Intellectual, cultural realist and literary critic | Sunday Observer
Prof. Ediriweera Sarachchandra

Intellectual, cultural realist and literary critic

30 August, 2020

The 24th death anniversary of Prof Ediriweera Sarachchandra fell on August 16, 2020. From the beginning of history most Asian nations adored and idealised their saints, philosophers and those who belonged to the Arts and who have stamped infinity on the lives and thoughts of their respective countries. The contribution towards our country’s culture and arts, by Prof. Sarachchandra is considered invaluable to the entire world.

According to American Physicist Robert Oppenheimer, for the artiste, it is not enough that he communicates with others who are experts in their own art. Their fellowship, their understanding and their appreciation may encourage, but that is not the end of their work nor its nature. Similarly, to Prof Sarachchandra the artiste depends on a common sensibility and culture, on a common meaning of symbols, on a community of experience and common ways of describing and interpreting.
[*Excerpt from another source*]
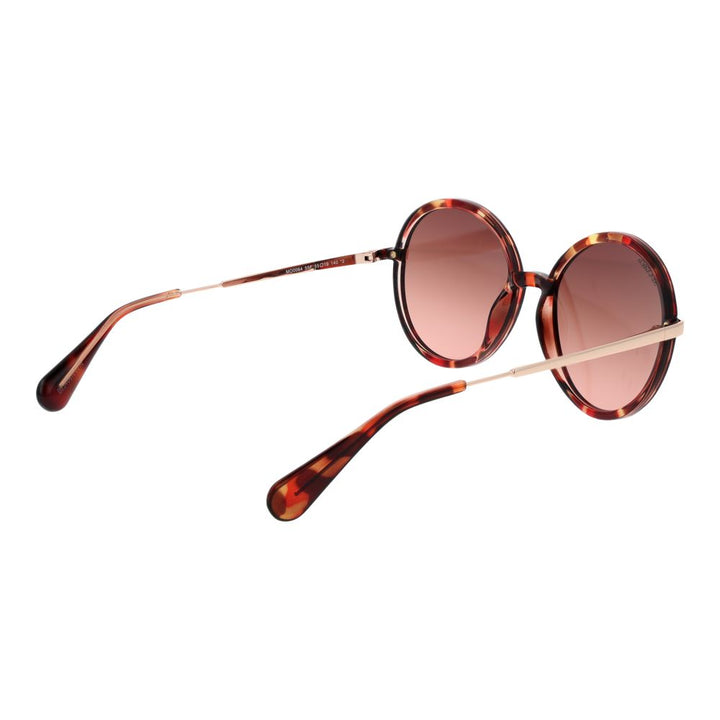 Max &amp; Co Brown Plastic Sunglasses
How true it is of Prof. Sarachchandra as Robert Oppenheimer says ‘Literate need not write for everyone or paint or play for everyone, but his audience must be humanity and not a specialised set of experts among his fellows.”

Composite image

Today, things have changed. For the community to which the artiste addresses himself is largely not there; the traditions and the history, the myths and the common experience, which is the artistes function to illuminate and to harmonise and portray have been dissolved in a changing world. Among the Sri Lankan literati engaged in this stupendous task Prof. Sarachchandra ranks above most of his contemporaries.

To visualise a composite image of Prof. Sarachchandra, we should go back to the socio-cultural background that had prevailed in this country as well as other South Asian countries at the time of Ediriweera Sarachchandra’s birth in 1914. The interests of Prof. Sarachchandra were centered around drama and he was the first to introduce a new type of drama Sri Lankan society. Among his dramas

Maname was par excellence, a remarkable and historic achievement for him. It came to be ranked as the first drama written and produced at the time. At the Colombo University which is world-class and a magnificent seat of learning nature it self had created an ideal and favourable place to achieve all round academic excellence. It was against this backdrop (Maname) the greatest drama, brainchild of Prof. Ediriweera the great master emerged.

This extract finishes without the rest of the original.